What Should You Do About the "Imminent" Market Correction?

My wife and I just returned from a fabulous week in Italy.  We spent time in Venice, Florence, and Rome, with a quick day trip to Tuscany. La Dolce Vita!

I had the chance to do a lot of reading on the markets during our plane ride home yesterday.

Although the S&P was only off -1% last week, the tone of the market commentary was definitely negative. Most analysts seem to be bearish, and think that a major correction is imminent.  Heading for a safe shelter in either bonds or cash was the most prevalent recommendation.

Problem is, I'm not exactly sure why.

True, the market has started out the year strongly, with the S&P up more than +10% for the first quarter.  Markets, of course, never move always in the same direction, so I suppose calling for a correction is a pretty safe call.

On the other hand, I'm not sure that there is any need for a significant change in investment strategy.  Perhaps it is just the fact that I have never been a particularly good market timer (a deficiency, I might add, that is shared by most of my fellow investment professionals), but the fact that bearish sentiment seems so prevalent probably means that a major market collapse is unlikely.

I bought my first stocks in 1966, when I was 9 years old.  My father had always been interested in the stock market, and thought that my brothers and I should learn about investing. He gave us a few dollars, and told us to have at it.

Since that time, there have been 7 recessions, some of them very severe (1974 and 2008 in particular). There have any number of market "corrections", including declines of more than -50% in 1974 and 2008.

But the S&P 500 today stands at 1,554 vs. slightly above 80 in 1966. The average return since that period has been +7.75%.

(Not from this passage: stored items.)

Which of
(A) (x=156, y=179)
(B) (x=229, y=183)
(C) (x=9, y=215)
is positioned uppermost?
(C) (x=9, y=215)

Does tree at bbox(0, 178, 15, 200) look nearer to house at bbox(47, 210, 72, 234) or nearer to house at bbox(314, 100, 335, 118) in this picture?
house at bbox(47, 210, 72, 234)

Despite the nasty bear markets that investors have experienced in the 47 years since I first started investing, in only 12 of those years did investors lose money in stocks, and most of the time those declines were followed by significant gains the following year:

 


Vanguard founder Jack Bogle was featured in a recent post on the blog Business Insider, and made the same point that I have:


CNBC anchor Scott Wapner put the question to Bogle: "You say, 'prepare for at least two declines of 25-30 percent, maybe even 50 percent, in the coming decade.' For a buy-and-hold guy, that's a little concerning, don't you think?"
Bogle replied: 

Not at all. They come and go. The market goes up, and the market goes down. It's never failed to recover from one of those 50 percent declines.

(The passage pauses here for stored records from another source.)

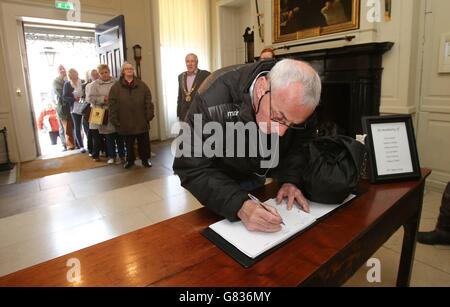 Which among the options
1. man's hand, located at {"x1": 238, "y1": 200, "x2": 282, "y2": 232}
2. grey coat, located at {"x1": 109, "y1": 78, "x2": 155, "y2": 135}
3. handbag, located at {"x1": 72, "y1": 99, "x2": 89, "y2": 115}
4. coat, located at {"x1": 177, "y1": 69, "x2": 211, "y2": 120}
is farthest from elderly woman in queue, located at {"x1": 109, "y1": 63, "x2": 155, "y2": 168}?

I went through one in 1973-1974, I went through one in 2001, 2002, 2003; I went through another one 2008-2009. They're kind of scary – often terrifying – but it's typical.

Why it doesn't bother me is if you hang on through the cycle, that's the only way to invest. Trying to guess when it's going to go way up or way down is simply not a productive way to put your money to work.

http://www.businessinsider.com/jack-bogle-warns-of-two-50-percent-market-declines-in-next-10-years-2013-4

In other words, assuming you have an investment allocation that makes sense for you, the best advice in anticipation of a market correction is probably to do nothing.